Questions raised about the parents ranged from child abuse to negligence. Unusual is the fact that fathers were involved. Perhaps that reflects changing times, since blaming mothers has a long history, dating back to the time when the job of child-care was assigned specifically to mothers. Along with mothers’ responsibility for child-rearing also came new ideas about child development. Mothers were responsible not only for the care of their children but of the way they developed.
The emergence of psychoanalytic theory and its incorporation into ideas about child rearing added still further layers of responsibility on mothers and blame for undesirable outcome. Ultimately, an industry of research and advice giving to mothers has resulted in prescriptions for child-rearing and warnings about dire outcomes. The result has been mothers’ guilt, self-blame and the blame of others.
Linda Fentiman, a professor of law at Pace University, has written a fascinating book to be published this fall showing how blaming mothers has been incorporated into the law through the interpretation of basic legal concepts. Concepts such as risk and negligence which are thought to be objective are actually subjective. Actually, unconscious psychological and social factors affect the way we see risk. The same is true of negligence which reflects judgments of behavior involving the idea of acting unreasonably and the reasonable person.
A bias against mothers can be found in the way these concepts have been applied in legal cases. A theme emerges of mothers as cause of harm to their children. An extreme example currently is the passage of laws attempting to find mothers liable for their conduct during pregnancy as harmful to the fetus. Another example is that mothers have been held responsible for harm to children from abusive partners.
Without reaching the level of legal consequences for parental behavior, most mothers have experienced the degree to which even strangers feel free to criticize or make negative comments in public places about a child’s behavior and a mother’s handling of the situation. Everyone becomes a self-proclaimed expert on the “right” way to bring up children.
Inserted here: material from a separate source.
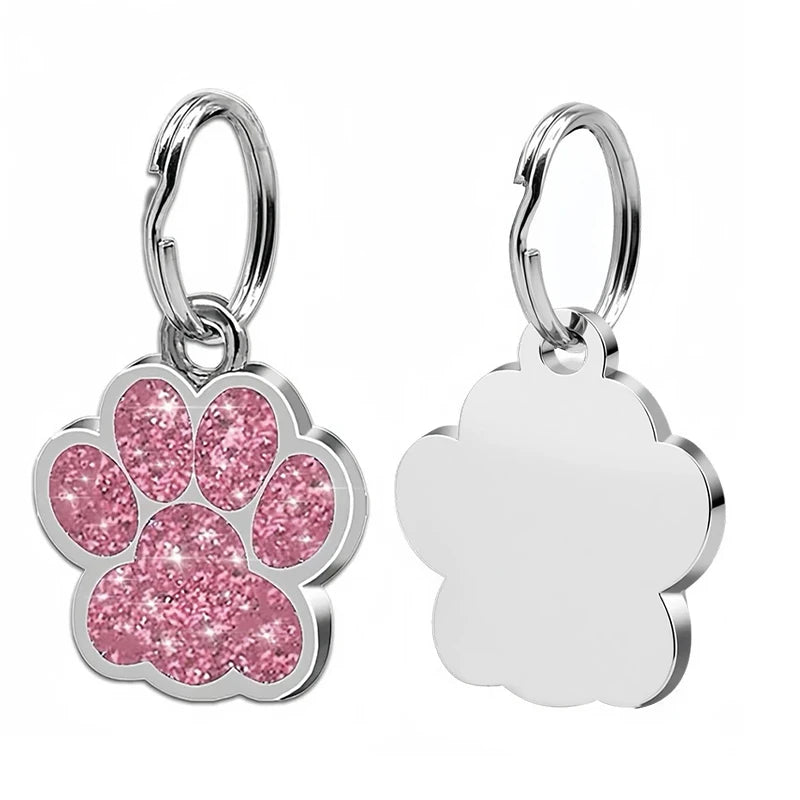 Personalized Glitter Paw Pet ID Tag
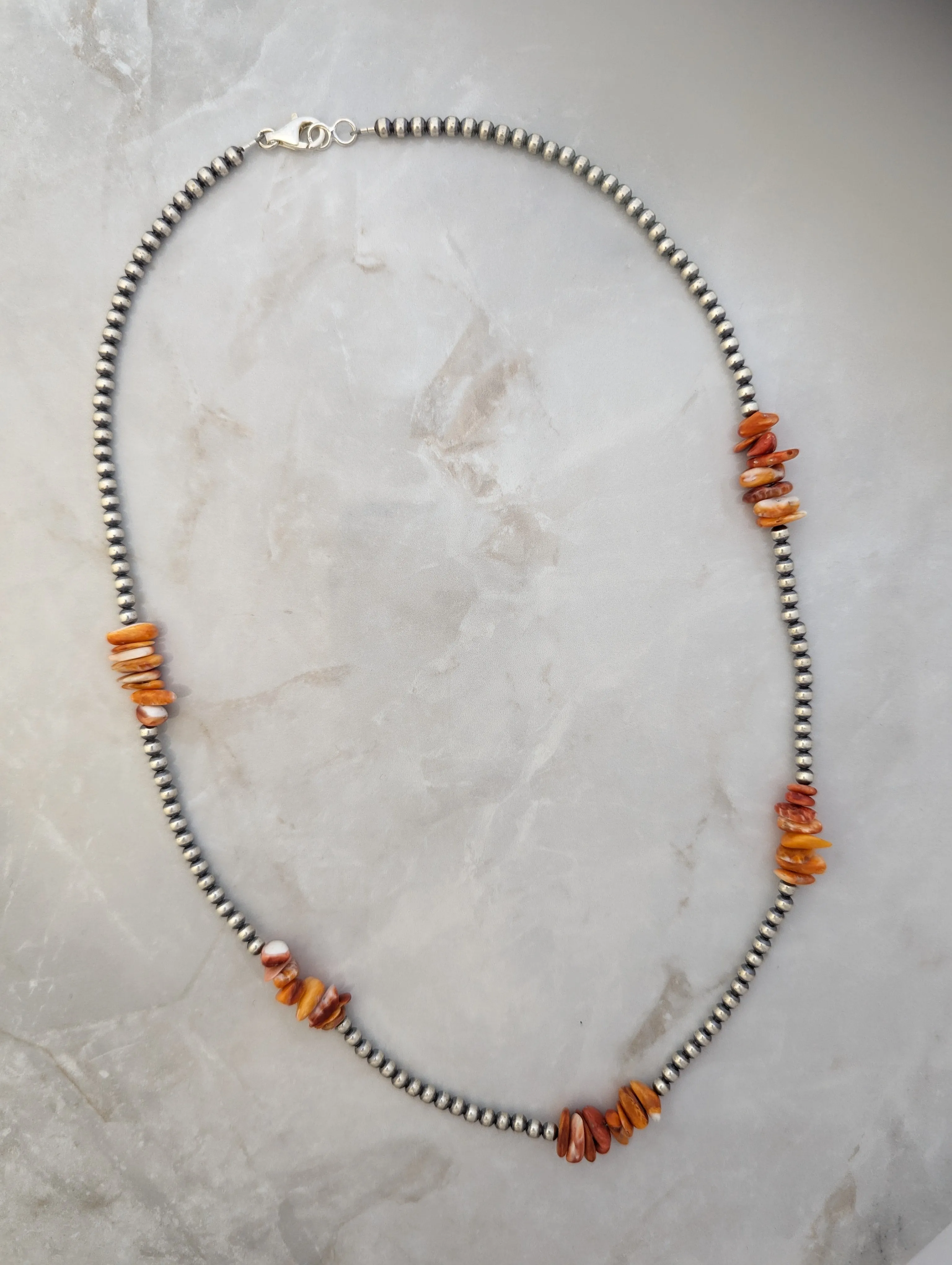 4mm Navajo Pearls & Orange Spiny Oyster Chip Necklace Sterling Silver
The fact is there is plenty of risk in raising children in every-day living. Unless we keep our children in a cocoon, there is a potential for unforeseen accidents and events with negative consequences. I remember too well an experience of watching my little one playing in the park. I kept my eye on that red snow suit he was wearing and suddenly realized I was watching the wrong red snow suit on a different child. I went on a frantic search and caught him just a he was about to walk out of the park into the street.
The question of when to protect our children and when to stand back as they venture off on their own, is a major challenge for parents and something they deal with at many steps along the way. As children grow, part of their development involves exploration and reaching out to try new things on their own. Children fall learning to walk but we don’t keep them from trying to walk. We try to be available when that happens, comfort them if they hurt themselves and encourage them to try again.
We all do the best we can, all of us wanting the best for our children. Especially in the face of the unforeseen, parents need our support not our blame.